Last year, she sang Norma and Adriana Lecouvreur in Rome, London and Moscow’s Bolshoi Theater. She was in Semiramide in Lisbon, Tosca in Frankfurt. A decade earlier, she debuted at the Metropolitan Opera as Mimi in Boheme and returned a decade later as Elena in Il Vespri Siciliani.
In between engagements, she had televised master classes in Guildhall School of Music in London and was also in Athens as a member of the jury of the Maria Callas Grand Prix of which she was a previous grand prize winner with no second or third prize winners.
To those who watched her Manila debut in 1980 when he was in her late 20s at the CCP and at the Manila Metropolitan Theater in 1984, the diva has lead a colorful life fit for a blockbuster film.
Her Manila opening nights caused pandemonium. Because of her sheer vocal power, she sang till three in the morning in Malacañang and Imelda Marcos, the former First Lady called her better than Maria Callas. Then she figured in a Manila defection that had her photos plastered on the front pages of Manila papers in the late ’80s.
After four years in England, she returned to Manila in 1984 to give a concert where she not only waived her fees but donated cash to the financially hard up Manila Symphony Orchestra.
I remember that her first aria (“A non credea” from La Sonnambula) was interrupted by a loud applause just before the cabaletta. At aria’s end, the audience was wild with ecstasy. When she sang the last two Filipino songs, Sa Kabukiran and Ay Ay Kalisud, pandemonium broke loose and I heard deafening applause and the stomping of feet not just from the audience but from the orchestra members as well. Seated at the back row, I was dazed. One such enamoured listener was Boy Abunda, then working with Miss Conchita Sunico at the Metropolitan Theater.
The reviews of her Manila Met debut were unanimous.

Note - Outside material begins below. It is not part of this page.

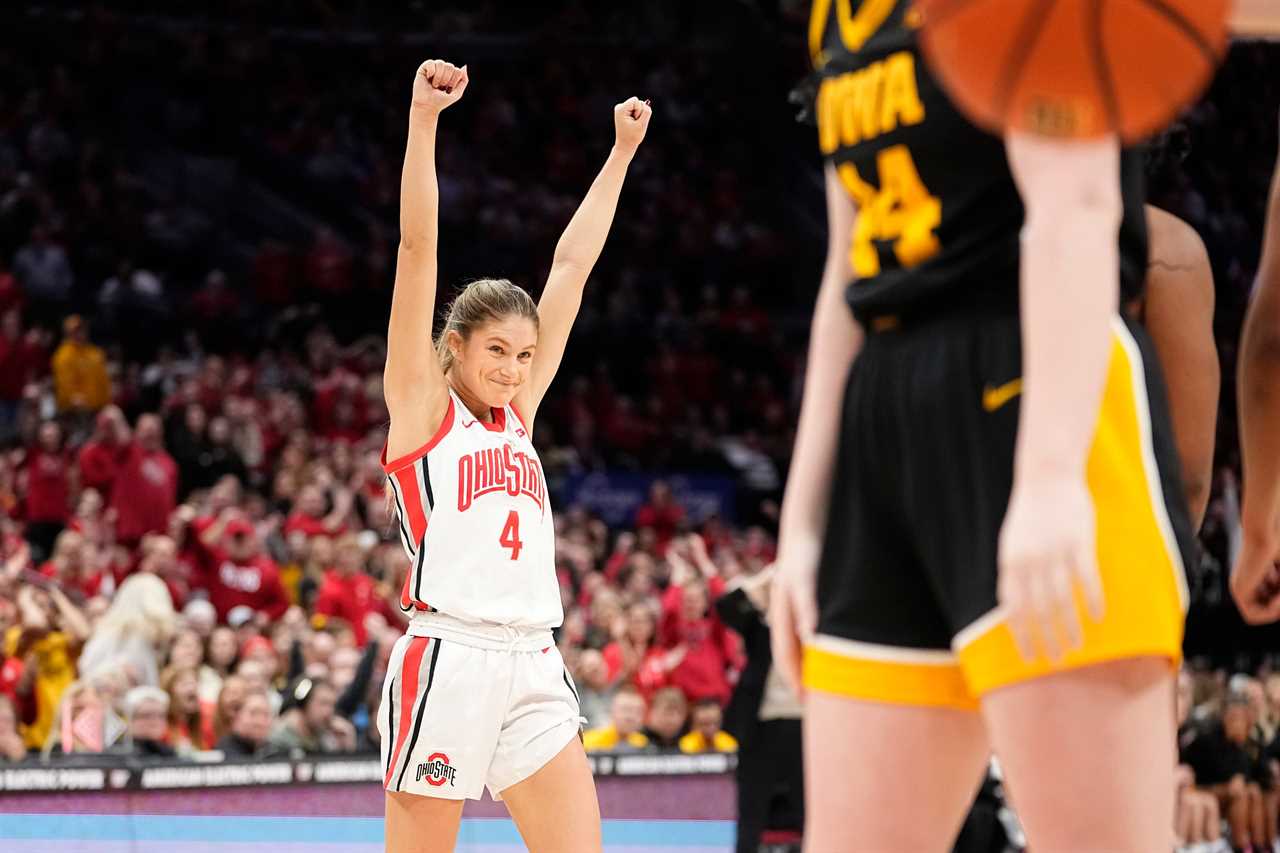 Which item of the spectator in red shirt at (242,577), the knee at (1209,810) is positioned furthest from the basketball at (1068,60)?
the spectator in red shirt at (242,577)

Rosalinda Orosa, then writing for the Daily Express, called Miricioiu a “gift of the gods” in her front-page review. Mrs. Leonor Orosa Goquingco wrote that she was in fact better than Maria Callas, and Antonio Hila, then writing for the Times Journal, referred to her as “a stunning phenomenon.”

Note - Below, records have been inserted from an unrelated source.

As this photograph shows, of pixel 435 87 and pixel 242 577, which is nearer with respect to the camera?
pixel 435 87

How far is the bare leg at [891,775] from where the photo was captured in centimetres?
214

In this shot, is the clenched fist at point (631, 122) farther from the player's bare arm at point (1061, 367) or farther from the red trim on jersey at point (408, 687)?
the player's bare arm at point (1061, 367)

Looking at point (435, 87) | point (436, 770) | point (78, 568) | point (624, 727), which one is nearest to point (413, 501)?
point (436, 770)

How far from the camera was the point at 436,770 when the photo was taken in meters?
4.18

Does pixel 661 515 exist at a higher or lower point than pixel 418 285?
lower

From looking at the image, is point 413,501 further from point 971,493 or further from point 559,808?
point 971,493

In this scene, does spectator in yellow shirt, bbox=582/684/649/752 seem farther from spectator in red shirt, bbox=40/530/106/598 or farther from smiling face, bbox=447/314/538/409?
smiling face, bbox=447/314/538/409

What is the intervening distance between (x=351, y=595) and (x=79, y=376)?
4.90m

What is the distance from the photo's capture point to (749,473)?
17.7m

Of that “defection” announced by Nelly in Manila in 1980, certain things may now be clarified.
Mrs. Marcos, in deference to the country’s diplomatic relations with Romania in 1980, rejected Nelly’s request for asylum.
Great Britain — through the help of Lord Harewood who is related to the British monarch (and a confidante of the late Maria Callas) — accepted Nelly after her triumphant debut in a Covent Garden production of Pagliacci opposite Jon Vickers.

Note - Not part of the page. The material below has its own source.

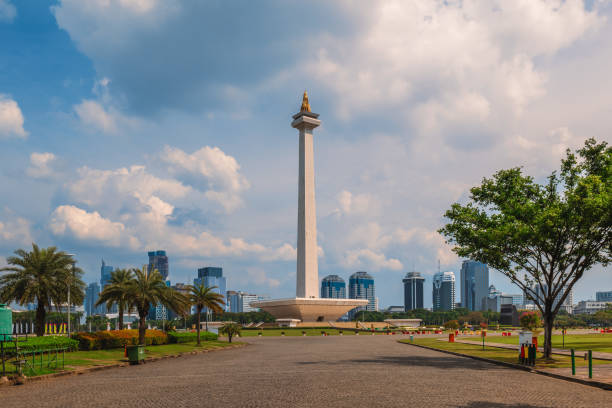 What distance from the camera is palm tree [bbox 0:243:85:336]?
42.1 metres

After her worldwide success and the subsequent fall of the Romanian dictator, the Romanian government finally allowed Nelly to see her family. She was soon separated from her Romanian husband and married a British impresario with whom she now has a son.
And yet the Nelly I would cherish is not just the diva but the warm person. In one such intimate and impromptu musicale the late Nory Poblador would host from time to time, she would sing Mutya ng Pasig for the late Conching Rosal and Irma Potenciano and it was easy to see she had found Manila her second home.
Years later, I got another card from Nelly. It said: “Please let me have a copy of the video tape of the concert I gave for Mrs. Marcos in (Malacañang) Palace. It will make me very happy.” In 1980, Nelly sang for Mrs. Marcos until three in the morning.
With that request, the diva clearly would like to relive that night she conquered Manila’s audiences and that marathon singing night Mrs. Marcos told her, she was, in fact, better than Maria Callas.
On top of this worldwide success, the Nelly I remember was the diva who in 1984 gave a free concert at the Manila Metropolitan Theater as her gift to the Filipinos. I remember she dined with Filipino friends (among them Atty. Poblador) and even obliged to sing Granada in a Makati restaurant in a spirit of fun. After her singing which literally froze both waiters and customers, a gentle old lady approached her and said, “You have a fantastic voice. I think you should take up voice culture.”
To which Nelly said, “Thank you, I think I will.”
And to think that two weeks earlier before she sang in Manila, she just appeared in three soprano roles in Offenbach’s Tales of Hoffman at the Paris Opera.